TO DO: Only the text of the entries below should be returned, exactly as given, without pictures.

RECORDED DATA:
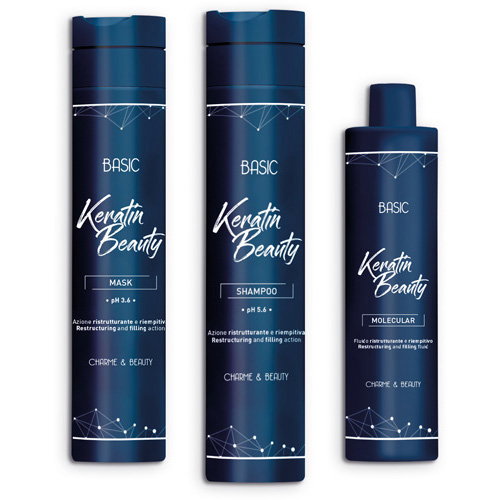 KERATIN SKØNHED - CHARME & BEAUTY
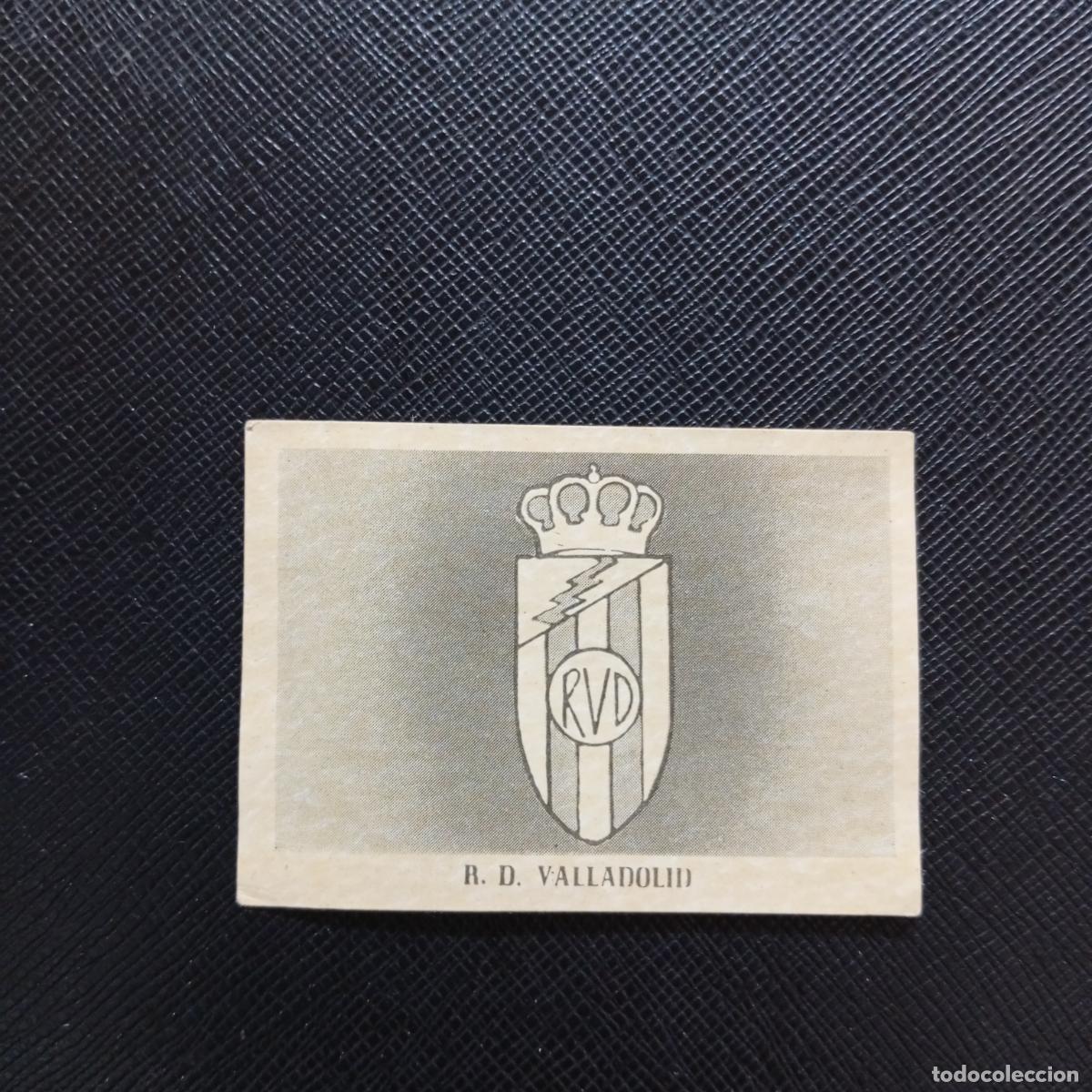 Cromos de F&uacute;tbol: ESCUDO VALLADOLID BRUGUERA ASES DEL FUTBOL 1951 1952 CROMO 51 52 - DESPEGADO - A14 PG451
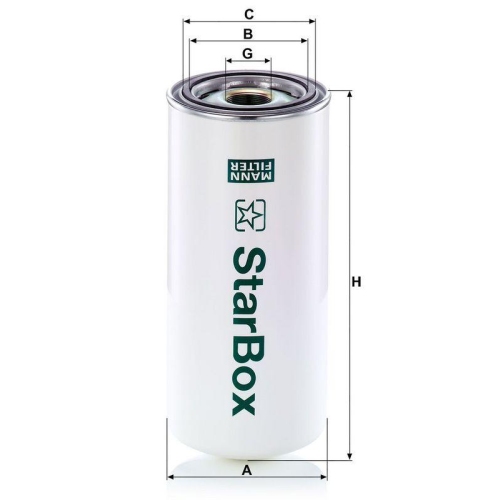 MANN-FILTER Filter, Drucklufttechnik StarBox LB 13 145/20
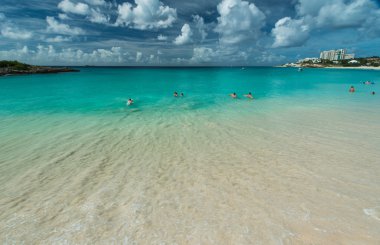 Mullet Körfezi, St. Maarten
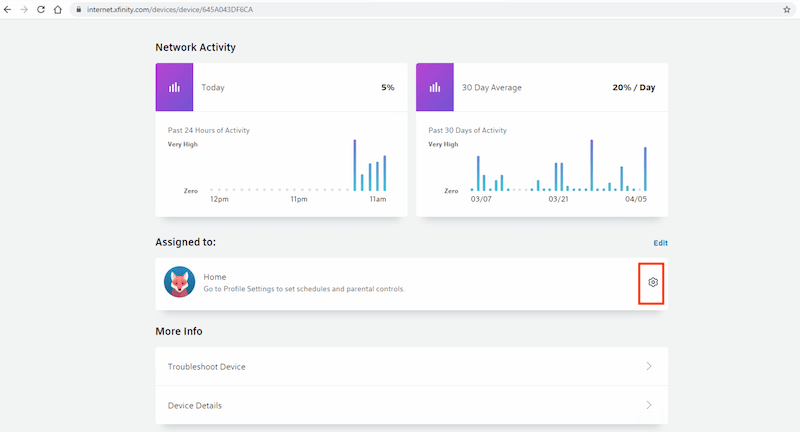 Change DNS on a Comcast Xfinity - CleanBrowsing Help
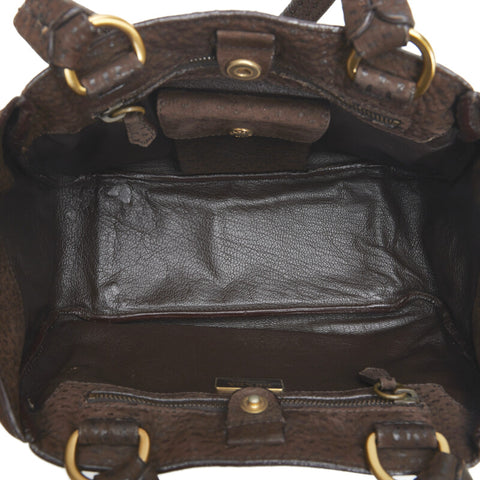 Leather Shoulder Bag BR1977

ANSWER TO THIS TASK:
 KERATIN SKØNHED - CHARME & BEAUTY
 Cromos de F&uacute;tbol: ESCUDO VALLADOLID BRUGUERA ASES DEL FUTBOL 1951 1952 CROMO 51 52 - DESPEGADO - A14 PG451
 MANN-FILTER Filter, Drucklufttechnik StarBox LB 13 145/20
 Mullet Körfezi, St. Maarten
 Change DNS on a Comcast Xfinity - CleanBrowsing Help
 Leather Shoulder Bag BR1977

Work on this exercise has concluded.